Following last week’s meeting at the United Nations in New York to discuss the Africa Group’s call for a UN Tax Convention, the matter was discussed under the UN General Assembly Second Committee Draft Resolution on Promotion of Inclusive and Effective International Tax Cooperation at the United Nations. The UN General Assembly is aiming for the “establishment of a Member State-led, open-ended ad hoc intergovernmental committee to elaborate a comprehensive UN Tax Convention”. The matter is being approached as one of high priority, with a tentative deadline to finish the UN Tax Convention by June 2025. The proposed international cooperation is to have a “comprehensive UN Tax Convention with a holistic scope and sufficient flexibility and resilience to continuously ensure equitable results as the international tax cooperation landscape evolves, establishing clear links between international taxation and other key UN agendas and ensuring the full and effective participation of civil society in the intergovernmental UN tax process to develop a new UN Tax Convention”. A concept note setting out international support for the UN Tax Convention can be found here

It is anticipated that the new ad hoc intergovernmental body would be open to participation to all UN member states, supported by a bureau. The options offered are based on a compulsory and voluntary model, including the drafting of a framework convention.

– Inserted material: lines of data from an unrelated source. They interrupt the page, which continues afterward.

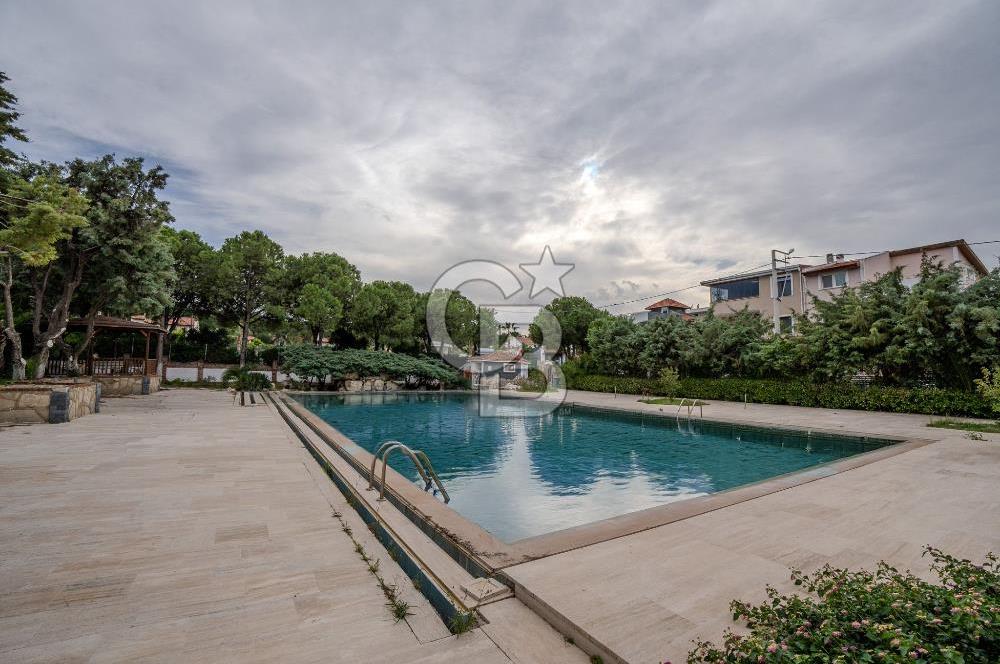 URLA ŞİRİNKENT TRİPLEKS 4+1 HAVUZLU SATILIK VİLLA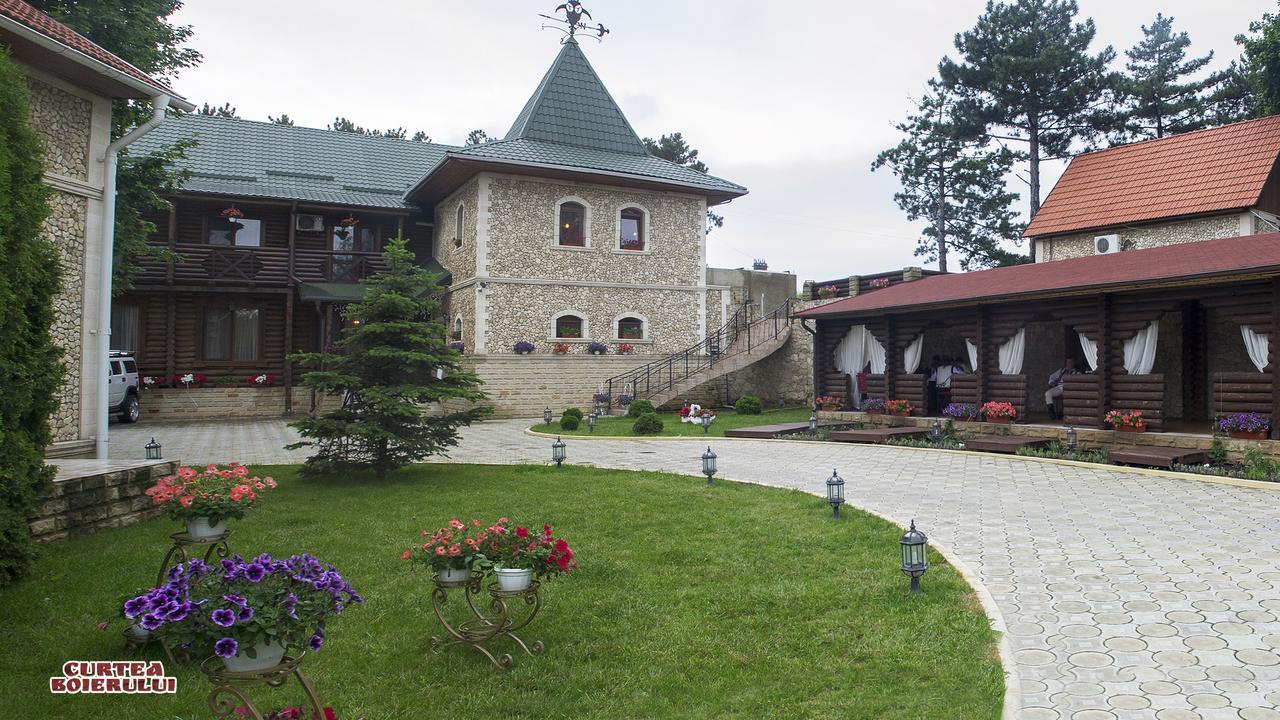 Curtea Boierului Hotel Peresecina Экстерьер фото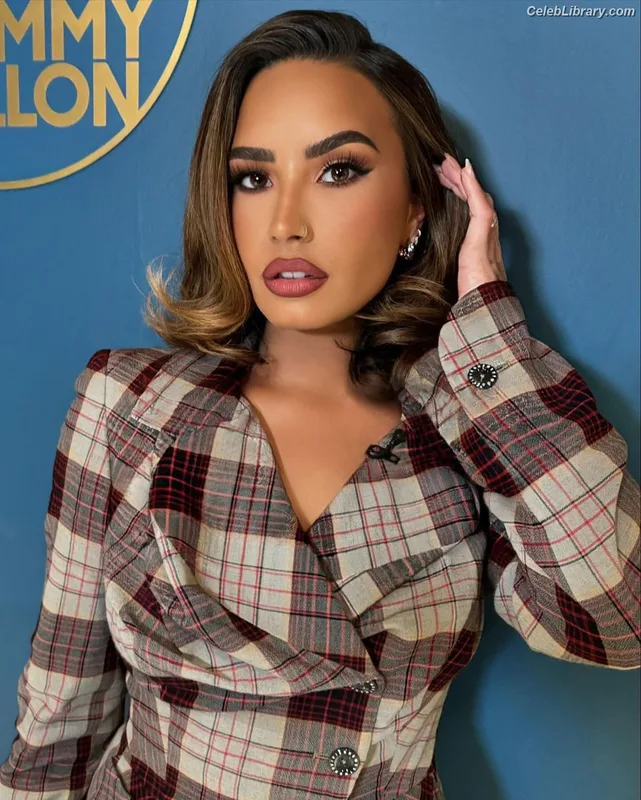 Demi Lovato photo 16 of 1234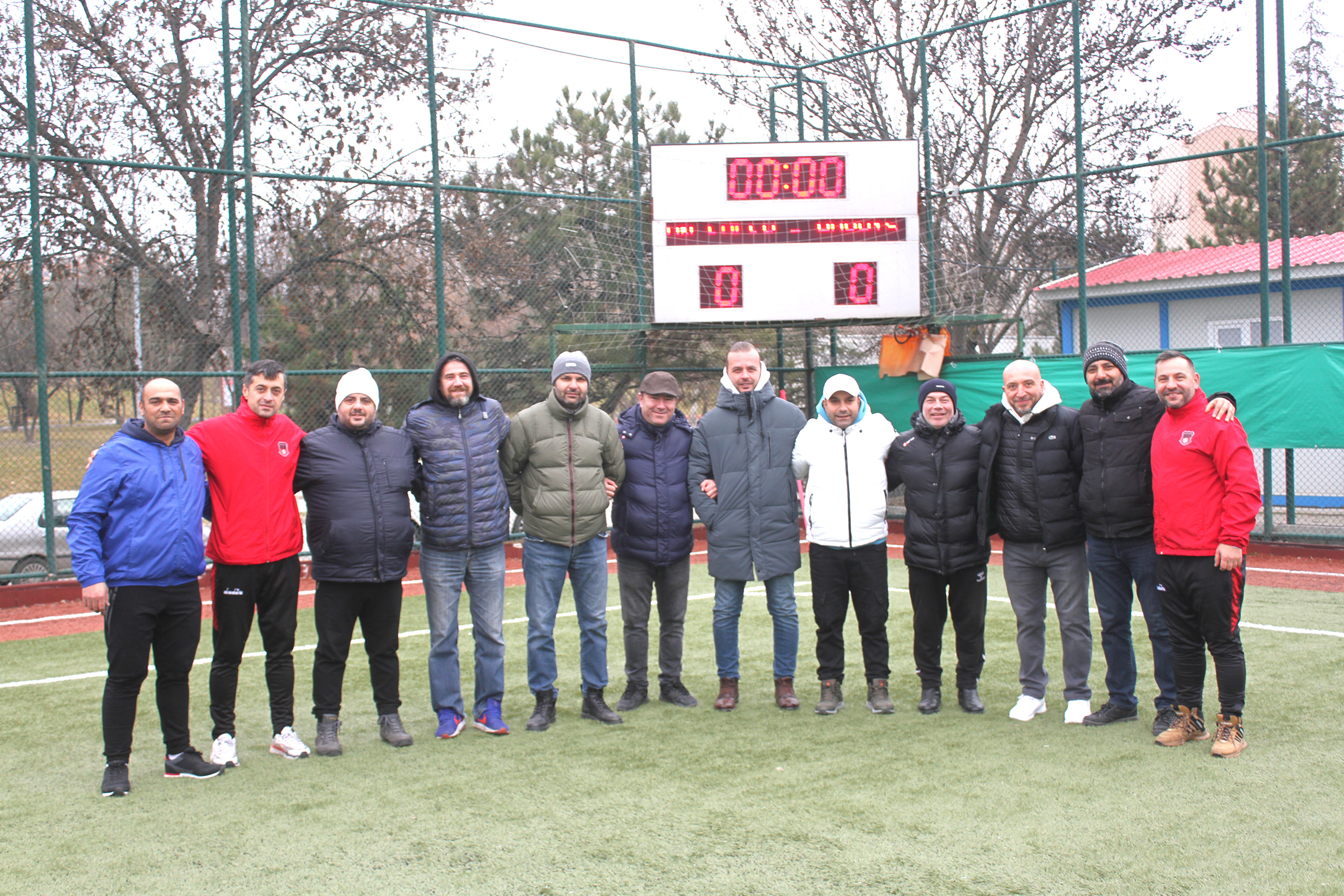 KENETLENDİLER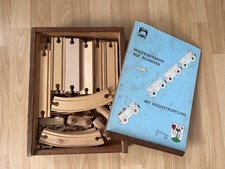 DDR Holzeisenbahn auf Schienen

OECD Statement on International Tax Reform Developments 


The OECD has issued a statement related to the UN developments in which the Secretary General said they are proud of OECD’s record on addressing tax evasion and tax avoidance and supporting developing countries. The statement reads: 

“The OECD is proud of its record of achieving consensus-based solutions to address tax evasion and avoidance, stabilise the international tax system and support developing countries. The BEPS Inclusive Framework, now consisting of 145 countries and jurisdictions, has agreed a consensus-based groundbreaking international tax agreement – to make international tax arrangements fairer and work better in a digitalised and globalised world economy. The Two-Pillar solution is designed to help prevent tax avoidance, protect against the erosion of domestic tax bases and tackle illicit financial flows. The OECD remains committed to completing this critically important work and to ensuring the broad and effective implementation of this agreement. The OECD was born from a spirit of cooperation among nations. Building on the widely shared benefits achieved in ending bank secrecy, reducing tax evasion and avoidance and tackling illicit financial flows, we are committed to continue to collaborate with global partners – including at the UN – to strengthen inclusivity and continue to deliver a better and fairer international tax system.”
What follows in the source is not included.